FIG. 39 is a flowchart showing the processing of the bottom layer of the equivalence replacement optimization unit 16;

FIG. 40 is a flowchart showing the processing of the bottom layer of the equivalence replacement optimization unit 16;

FIG. 41 is a flowchart showing the processing of the bottom layer of the equivalence replacement optimization unit 16;

FIG. 42 is a flowchart showing the processing of the middle layer of the equivalence replacement optimization unit 16; and

FIGS. 43A, 43B, and 43C show concepts of the equivalence union calculation.

DESCRIPTION OF THE PREFERRED EMBODIMENT(S)

1. Introduction

Here, definitions, features, and terms of the main concepts of the present invention are explained. Also explained are a new type of data flow information called "equivalent expression sets", date flow equations for calculating the equivalent expression sets, iterative algorithms for solving the data flow equations, and optimizations using the equivalent expression sets.

1.1. Concepts Used in Program System of Present Embodiment

<Intermediate Instruction>

There are several types of intermediate instructions, as stated in the description of the background art. For ease of understanding, this specification will refer to a three-address format that is the most common type. However, it should be remembered that the methods of the present invention may also be applied to other kinds of intermediate instructions. The formats of the intermediate instructions are as follows.

(1) Assignment Intermediate Instructions "a=b"

In this format, a is a variable or an indirect calculation expression, and b is variable, a constant, a monadic operator, or binary operator. These operators comply to the rules of C language. Examples of this format are intermediate instructions s1 and s17 in FIG. 11.

(2) Conditional Branch Intermediate Instructions

These intermediate instructions have a format given as "if (conditional expression) goto (branch label)". The conditional expression must comply to the rules of C language. Examples of this format are intermediate instruction s8 and s39 in FIG. 11.

(3) Unconditional Branch Intermediate Instructions

These intermediate instructions have a format given as "goto (branch label)". An example of this format is intermediate instruction s24 in FIG. 11.

(4) Function (Subroutine) Call Intermediate Instructions

These intermediate instructions have a format given as "function name (real argument list)". An example of this format is intermediate instruction s20 in FIG. 11.

(5) Labels

These intermediate instructions are used to express specific positions within the intermediate program. Examples of labels are L1, L2, and L3 in FIG. 11.

<Expressions>

In the 1996 edition of JIS Handbook No. 58 Information Processing--Terminology, Codes, Data Codes, an "expression" is defined as a "language element that calculates a value from one or more operands". In this specification, the term "expression" is defined as a language element such as a variable, constant, monadic expression, or binomial. Out of the monadic expressions, expressions of the format "*(variable)", which use an indirect operator "*" as in C language, are called indirect calculation expressions. Note that the variable used in "*(variable)" format is called a pointer variable.

<Indicated Variable Sets>

When variable v is a pointer variable, the set of variables which may be indicated by variable v in intermediate instruction s is expressed as POINT[s,v]. This indicated variable set is found according to the method described in p648-p660 of reference (1), so that only a simple description is given here, with reference to FIG. 21A.

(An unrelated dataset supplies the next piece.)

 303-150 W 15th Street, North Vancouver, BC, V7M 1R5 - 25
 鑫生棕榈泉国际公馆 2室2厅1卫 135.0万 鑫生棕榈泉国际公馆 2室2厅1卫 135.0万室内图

In FIG. 21A, it is supposed that there is no definition of pointer variable p from a point immediately after intermediate instructions s1, s2 to intermediate instruction s3.

In the present example, intermediate instructions s1 and s2 assign the addresses of variables a and b to pointer variable p, so that for intermediate instruction s3, pointer variable p indicates variables a and b. As a result, indicated variable set POINT [s3,p] for intermediate instruction s3 includes variables a and b. In intermediate instruction s3, variable a or variable b is converted, which is to say, intermediate instruction s3 is a definition of variable a or variable b. Also, in this example, intermediate instruction s4 also uses variable a or variable b.

This calculation of the indicated variable set is performed by the data flow information analysis unit 13 shown in FIG. 9, before the calculation of the equivalent expression sets in the present method.

<Changed Variable Sets>

The set of variables that may have their values changed as a result of intermediate instruction s calling function f is expressed as changed variable set CHANGE[s,f]. This changed variable set is found according to the method described in p648-p660 of reference (1), so that only a simple description is given here, with reference to FIG. 21B.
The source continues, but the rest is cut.